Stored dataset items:
------------------------------------

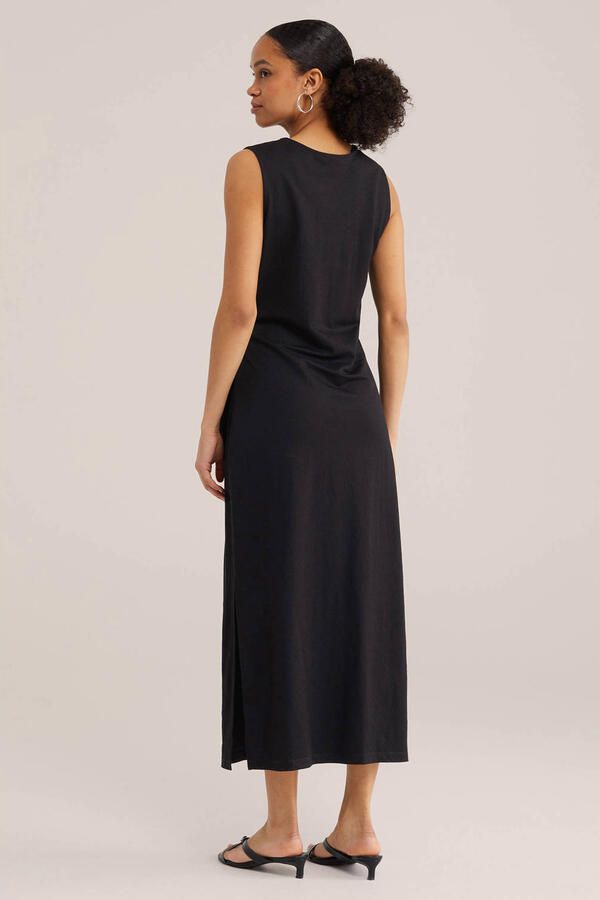 WE Fashion jersey zomerjurk zwart - Foto 3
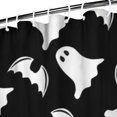 thumbnail image 3 of Halloween Ghost and Bat Silhouette Pattern Shower Curtain 72"x84" ,Bathroom Decorative Shower Curtains Set with 12 Hooks,Modern Waterproof Washable Shower Curtain, 3 of 6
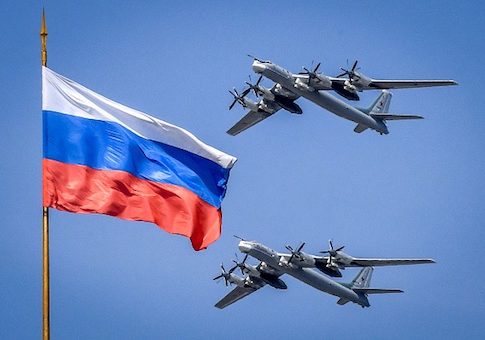 Russian Tupolev Tu-95 turboprop-powered strategic bombers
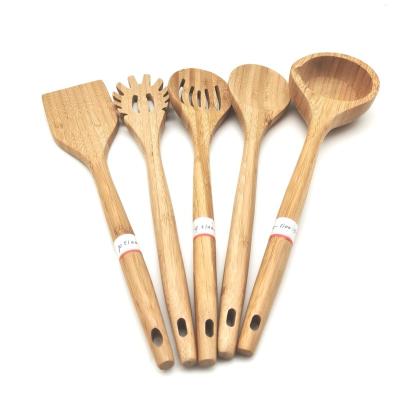 China Viable Wholesale Bamboo Utensil Cooking Set of 5 for Pan Cookware Tuners Spoon Spatula Non-Stick Pocket for sale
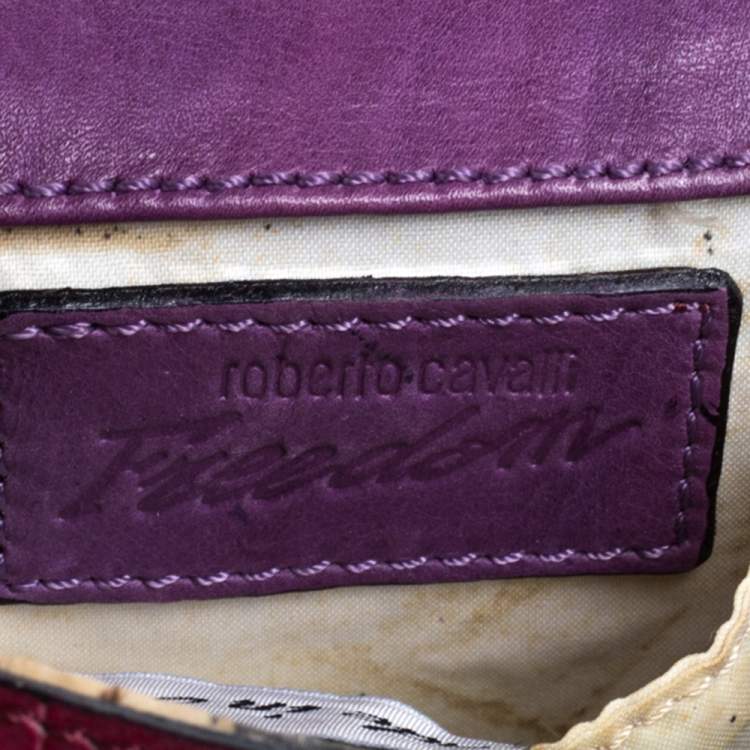 Pre Owned Roberto Cavalli Purple Fur and Croc Embossed Leather Pearl Embellished  Chain Clutch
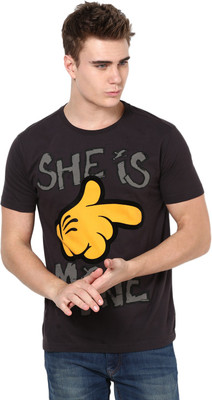 

PUNK Printed Men's Round Neck Brown T-Shirt, Charcoal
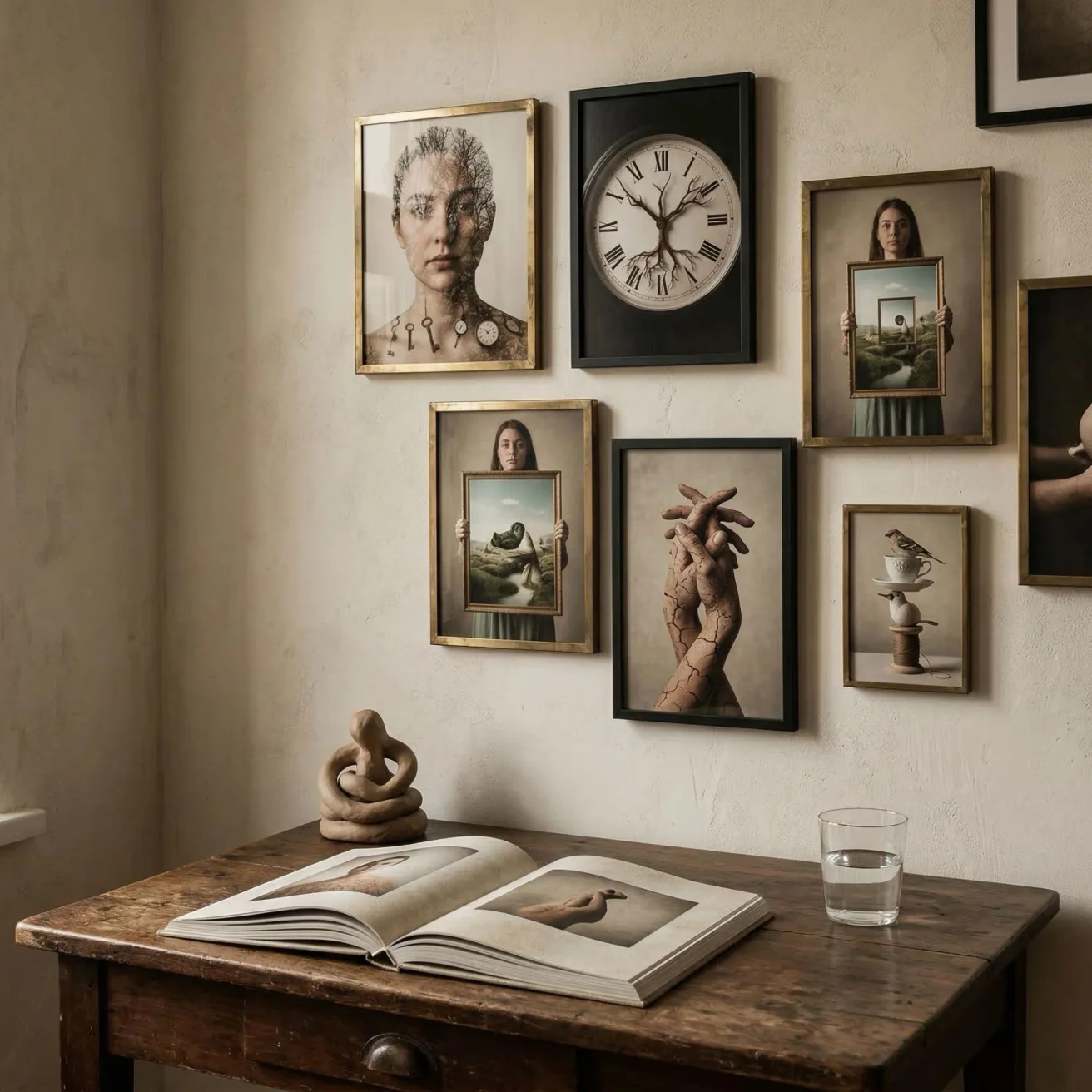 Conceptual photography framed art on home studio wall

------------------------------------

*What to work on:* Copy only this, please: the line with "PUNK Printed Men's" and every line after it through the end of the data, with no pictures.

*Exercise answer:*
PUNK Printed Men's Round Neck Brown T-Shirt, Charcoal
 Conceptual photography framed art on home studio wall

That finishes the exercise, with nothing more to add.